Your test code comes in handy, and I guess that at least part of it might end up in the AspectJ test bed, after I have an idea how to fix the problem. Currently, I do not, but I am also busy with non-AspectJ matters.

pagrawalgit commented 4 months ago

Thanks @kriegaex

kriegaex commented 4 months ago

I still do not have any good idea how to fix this, because non-inlined annotation-style aspects do need to keep around-closure information due to the possibility of multiple proceed calls in the same advice or proceed happening in a spawned thread. For native syntax aspects, it works differently, because the AspectJ compiler generates advice methods that directly take closures as parameters, while annotation-style advices either have no parameters or a proceeding join point instance. I.e., in this case the around closures must be bound and unbound manually. As AspectJ has no way of knowing if a long-lived thread might eventually issue a proceed call and therefore need the closure information, we cannot just discard it.

I could revert 3c80a36527, but then asynchronous nested proceeds would fail to work again. Currently, it looks like a choice between the plague and cholera, as we say in German.

The suggested solution for now is to simply use native syntax aspects and the AspectJ compiler to compile them. Something like this:

public aspect DemoAspect2Native {
  Object around() : execution(* *(..)) && @annotation(DemoAnnotation2) {
    System.out.println("DemoAspect2Native around");
    return proceed();
  }

  public @interface DemoAnnotation2 {}
}

Then, your problem should go away. I tried with your out-of-memory test, and it passes.

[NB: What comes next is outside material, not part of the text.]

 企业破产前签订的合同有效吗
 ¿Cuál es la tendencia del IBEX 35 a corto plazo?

I am keeping this issue open. BTW, it is related to #141. If I have an idea how to solve that one, probably this one would also be solved.

pagrawalgit commented 4 months ago

I'll read up on native syntax aspects vs non-inlined annotation-style aspects.

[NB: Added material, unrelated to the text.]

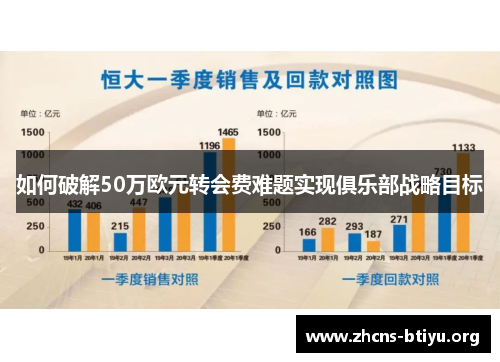 如何破解50万欧元转会费难题实现俱乐部战略目标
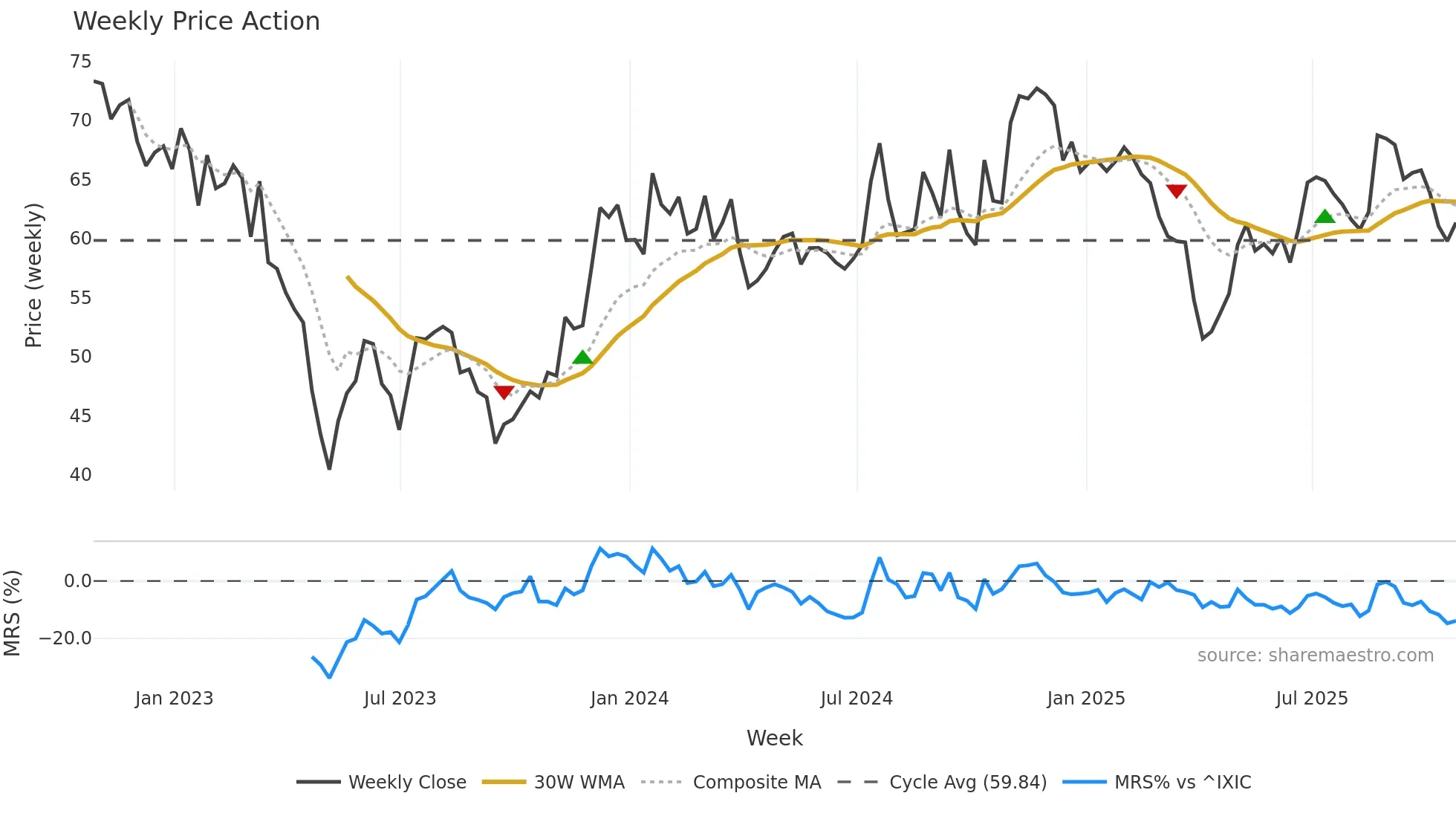 LKFN weekly Price Action chart, closing 2025-10-24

kriegaex commented 4 months ago

I have just deployed an alternative experimental fix to the snapshot repository. It makes your tests pass and also seems to fix #141 in one shot. The strategy is to use a list instead of a stack and never to pop any around closure elements from it. But at least, it is not thread-local. Instead, what is thread-local is an index for the current element, i.e. what leaks now are only integer values and the stack of around closures, until the joinpoint instance goes out of scope, which I guess is fine. It is not perfect, but hopefully better than the status quo. Please re-test. Thank you.

kriegaex commented 4 months ago

Force-pushed regression tests without fix. I want to see them fail in this CI build first before pushing the fix on top of them.

Thanks to @pagrawalgit for the code contribution. I adapted the test to instead of a JUnit test, because that better fits the AspectJ integration test structure, but both test cases are basically what you suggested.


Update: The two regression tests expected to fail actually do fail. Fine. 👍

pagrawalgit commented 4 months ago

Thanks @kriegaex. I'll test this today.

kriegaex commented 4 months ago

This CI build contains the fix. All tests should pass for it. If they do, I will deploy another snapshot, and if it also works for @pagrawalgit in his application, I can merge it.


Update: That build passed, including the reactivated test for #141. The fix seems to be a substantial improvement and fix two problems in one shot.

kriegaex commented 4 months ago

If you want to test, I just deployed commit 4414b42e3d with the polished fix.

kriegaex commented 4 months ago

@pagrawalgit, sorry for pushing this, but my time window for creating an AspectJ maintenance release is closing. Soon, I will be busy with non-AspectJ stuff again. I would like this to be in, but not without your team's re-test feedback.

pagrawalgit commented 4 months ago

@kriegaex I tested it locally with the demo application I have. The tests pass.

Testing with the actual service will take me a day or two. Feel free to push the commit. Thanks for getting this out so quickly.

kriegaex commented 3 months ago

@pagrawalgit: ping!

pagrawalgit commented 3 months ago

It works!!

pagrawalgit commented 3 months ago

@kriegaex Thanks for the commit. So, the fix would be part of 1.9.21.2 release? When are you planning to release it?

kriegaex commented 3 months ago

@pagrawalgit, AspectJ 1.9.21.2 has been released today.